What got me blogging, though, were the student journals. The academic papers were pretty typical and they responded to instruction in pretty typical ways. I tried to look at both the writing products and processes by combining participant-observer methods with independent analysis using grounded theory. Moreover, I used a theoretical framework that drew from recent studies in literacy, writing, and learning as ecological activities, namely the New London Group, embodied literacies, and ecocomposition. By coding the journals in relation to my field notes and experience of the trip, I was trying to understand and theorize what students were actually doing with these journals.

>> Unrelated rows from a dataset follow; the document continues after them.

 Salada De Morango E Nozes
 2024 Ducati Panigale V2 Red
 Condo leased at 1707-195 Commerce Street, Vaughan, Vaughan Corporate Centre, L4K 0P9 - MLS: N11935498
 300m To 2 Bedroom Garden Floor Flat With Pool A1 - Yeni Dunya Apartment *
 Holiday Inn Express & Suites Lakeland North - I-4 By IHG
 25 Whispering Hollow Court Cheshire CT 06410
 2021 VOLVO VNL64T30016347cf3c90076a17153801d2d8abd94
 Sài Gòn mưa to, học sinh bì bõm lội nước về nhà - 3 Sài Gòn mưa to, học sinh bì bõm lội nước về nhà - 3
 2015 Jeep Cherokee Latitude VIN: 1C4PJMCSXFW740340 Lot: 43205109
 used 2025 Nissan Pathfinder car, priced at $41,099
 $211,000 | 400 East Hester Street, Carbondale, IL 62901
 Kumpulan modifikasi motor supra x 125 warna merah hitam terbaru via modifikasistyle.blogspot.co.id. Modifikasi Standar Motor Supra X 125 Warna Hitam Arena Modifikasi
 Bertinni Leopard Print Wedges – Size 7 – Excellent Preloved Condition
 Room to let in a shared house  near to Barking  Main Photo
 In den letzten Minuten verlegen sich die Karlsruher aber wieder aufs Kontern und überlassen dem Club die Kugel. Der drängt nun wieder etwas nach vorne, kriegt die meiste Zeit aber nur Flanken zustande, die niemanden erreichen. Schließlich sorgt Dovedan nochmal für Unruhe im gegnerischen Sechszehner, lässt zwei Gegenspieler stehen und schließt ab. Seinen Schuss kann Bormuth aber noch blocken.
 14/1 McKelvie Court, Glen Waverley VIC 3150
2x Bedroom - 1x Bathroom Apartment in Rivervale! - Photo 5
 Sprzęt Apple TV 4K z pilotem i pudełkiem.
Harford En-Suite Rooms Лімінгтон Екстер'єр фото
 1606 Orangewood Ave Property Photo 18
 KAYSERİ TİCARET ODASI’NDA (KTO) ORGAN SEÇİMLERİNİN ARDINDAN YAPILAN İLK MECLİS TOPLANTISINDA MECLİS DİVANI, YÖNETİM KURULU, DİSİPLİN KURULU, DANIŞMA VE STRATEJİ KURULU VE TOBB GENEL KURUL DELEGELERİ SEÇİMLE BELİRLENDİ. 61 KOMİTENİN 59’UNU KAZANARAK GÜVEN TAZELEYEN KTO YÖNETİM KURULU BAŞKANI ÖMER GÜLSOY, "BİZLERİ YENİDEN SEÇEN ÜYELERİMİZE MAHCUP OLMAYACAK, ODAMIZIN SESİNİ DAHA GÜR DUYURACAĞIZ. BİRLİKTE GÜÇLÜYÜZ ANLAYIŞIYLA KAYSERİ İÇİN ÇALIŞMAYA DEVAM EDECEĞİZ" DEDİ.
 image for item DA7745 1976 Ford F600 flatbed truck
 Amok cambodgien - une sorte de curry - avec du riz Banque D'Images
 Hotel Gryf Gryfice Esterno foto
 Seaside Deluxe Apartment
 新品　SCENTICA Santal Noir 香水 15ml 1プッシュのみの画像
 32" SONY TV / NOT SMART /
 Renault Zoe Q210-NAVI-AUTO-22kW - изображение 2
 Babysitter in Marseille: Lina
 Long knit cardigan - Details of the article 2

The assumption is that journals are places where students begin drafting. Part diary and part commonplace books, academic journal writing is a fairly common assignment for courses in composition, literature, and other courses where writing is a mode of learning. Blogs, of course, are being heralded as the "new journal" mode for student reflection. This may or may not be true - an awful lot of research needs to be done in order to assess such claims.
My position is that such research is warranted, but with special attention to the kinds of reflective activities that are assigned. I came to this conclusion through my research because what I saw in student journals was a tendency to really wrestle with ethical, moral, and spiritual questions in ways that largely vanished from their formal responses. To me, this was really exciting since this is often what compositionists argue for in student writing. Here were students actually doing it!
So, in the pages that follow, you'll get some theorizing about how and why I think these students succeeded in their journal writing. Moreover, I hope to make the case to the more tech savvy that very non-technological writing can be just as beneficial. This isn't a critique, since I obviously feel computers and online communities valuable. I intend, rather, that it be a cautionary moment where we can stop and ask ourselves critical questions.